IP Protection

Friend or foe in vaccine development?

IP Protection

The COVID-19 pandemic has put a spotlight on the value of intellectual property (“IP”) protection and the tension between public health and IP rights. There has been discussion about overriding IP rights through a waiver of the protection afforded by the Agreement on Trade-Related Aspects of Intellectual Property Rights (“TRIPs”). The proponents for the waiver say that IP rights pose a barrier to rapid access to affordable medical products, including vaccines for people in dire need. On the other hand, the opponents say that there is no indication that IP rights had hindered the availability of vaccines or therapeutics during the pandemic.

So — is IP protection friend or foe in vaccine development? It is complicated, much more complicated than the relationship between Jane, Jake, and Adam in It’s Complicated (2009).

Vaccines are highly complex biologic agents and regulatory law plays a major role in ensuring the delivery of safe and effective vaccines. Biologic agents are isolated from a natural source, rather than being artificially synthesized. As a result, biologics are complex mixtures that cannot be easily identified or characterized.

Regulatory approval of pharmaceutical agents after extremely rigorous testing ensures that only agents that are safe and effective are sold to the public. Beyond regulatory law, IP rights may also play a role in the delivery of safe and effective vaccines. Robert DeBerardine, the chief patent attorney of Johnson & Johnson said that the company’s IP rights allow it to pick the best partners and enter into agreements with them to make and distribute safe and effective vaccines.

There are intersections between IP rights and public health concerns in making vaccines affordable and widely available. In the case of mRNA vaccines, there are numerous patents involved. Vaccine developers may need to pay royalties to use patented technologies owned by third parties (driving up the cost of the vaccine), and will want to ensure that their own technological developments are protected by appropriate patents (ensuring their unique position with respect to competitors in the marketplace).

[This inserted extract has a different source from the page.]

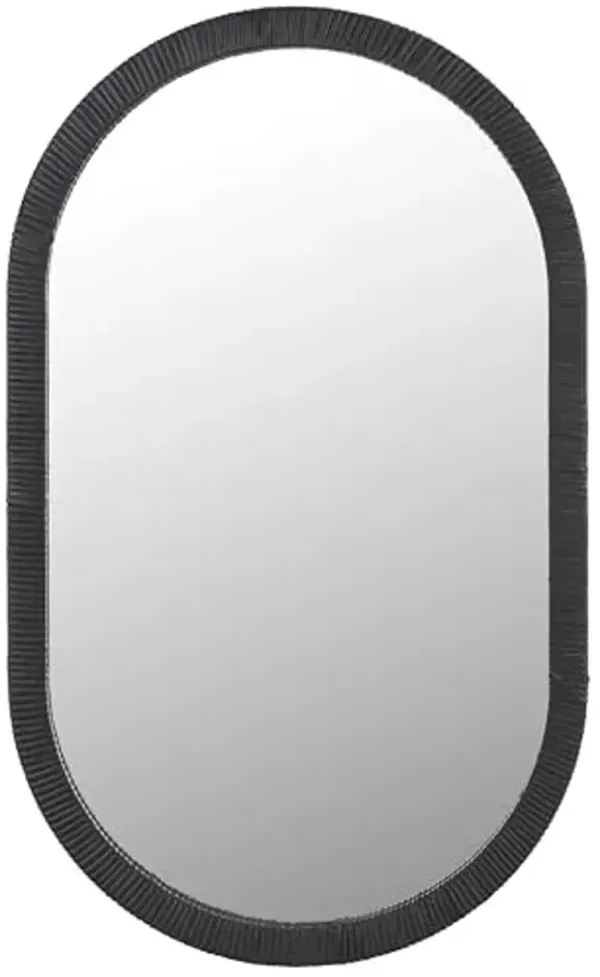 SAFAVIEH Home Collection Minna Black 18 x 30-inch Oval Decorative Accent Wall Mirror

During the early stages of the pandemic, no company wanted to be seen as holding up the pandemic response by asserting its patent rights, and the public health interest in rapidly scaling and delivering vaccines prevailed. However, now that the urgency of the pandemic is fading, we are starting to see in the US the filing of offensive and defensive litigation by holders of patent rights relevant to the mRNA vaccines. Such disputes have the potential to curtail the availability of vaccines if manufacturers are uncertain of the outcome of such litigation.

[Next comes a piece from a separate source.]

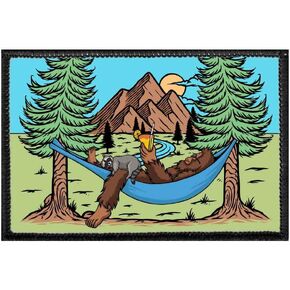 Bigfoot - Racoon Cuddling | Hook and Loop Attach for Hats, Jeans, Vest, Coat | 2x3 in | by Pull Patch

It is important to know that governments do have the legal authority to override patent rights through the grant of compulsory licenses if the needs of the public for a patented technology are not being met, and Canada even introduced legislation specific to the COVID-19 pandemic, although the relevant provisions expired without being used.

Friend or Foe — maybe both? IP protection can be a friend — as it provides a foundation by which diverse stakeholders can collaborate and deliver successful technologies to the global market safely and quickly, knowing the contributions derived from their investments will remain theirs. However, IP protection can also be a foe as companies could potentially hold up the pandemic response by asserting their respective IP rights, as we are starting to see now that the worst of the pandemic seems over.